Actimize AML Product Team, Anti-Money Laundering

The Financial Conduct Authority (FCA) recently published its first thematic review on AML in the capital markets industry. The Money Laundering Regulations first came into force in the UK in 1994, and applied to capital markets firms from the outset, and yet 25 years later the FCA states in this review, “We found that participants were generally at the early stages of their thinking in relation to money-laundering risk.” Obviously, there are cases where capital markets firms take AML seriously and have proper controls in place, but it is clear from the FCA thematic review that this is far from the case in many firms, possibly even the majority.

An Industry in Denial

The capital markets sector is often unjustifiably complacent when it comes to money laundering risk. Because it is not normally a gatekeeper (usually funds are transferred to capital markets firms from accounts at other institutions) and hardly ever handles cash, it is prone to regard money laundering control as someone else’s problem. This flies in the face of repeated comment to the contrary from the FCA and other regulators and, as the FCA points out in this thematic review, the Upper Tribunal case in April 2019 between the FCA and Linear Investments strongly underlines this yet again. All financial institutions are responsible for monitoring whatever activity that they observe and reliance on others plays no part in discharging this responsibility.

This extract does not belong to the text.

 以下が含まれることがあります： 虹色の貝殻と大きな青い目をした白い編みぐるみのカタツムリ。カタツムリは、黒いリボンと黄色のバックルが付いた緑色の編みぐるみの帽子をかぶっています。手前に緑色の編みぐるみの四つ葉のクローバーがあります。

The lack of attention to AML matters in the industry seems also to be borne out by the paucity of SARs raised, with the NCA reporting just five SARS from firms identified by NCA as capital markets firms out of 22,619 between April 2017 and March 20181. Even when one adds SARS from other NCA category firms from the same industry, the figures hardly look better with markets and exchange firms adding 21, stockbrokers adding 303, exchanges 6, and asset managers completing the picture with 345 – a grand total of 680, barely 3 percent of all SARS from the entire investment industry.

Many argue that these numbers reflect the risk that money laundering poses to investment firms. However, this is clearly not the case. As the FCA points out in its thematic review, the 2017 UK National Risk Assessment concluded that capital markets present a high risk of money laundering, citing risks of “large sums being laundered” as well as “relative lack of controls” and states that the money laundering risks of this sector are emerging significantly. The Joint Money Laundering Steering Group guidance also points out a large number of specific money laundering risks unique to this section of the financial services industry. The FCA itself has placed capital markets activity in the top money laundering risk category. Finally, the FATF paper “Risk Based Approach Guidance for the Securities Sector” sets out a whole raft of factors that make the capital markets sector one of the most vulnerable to money laundering.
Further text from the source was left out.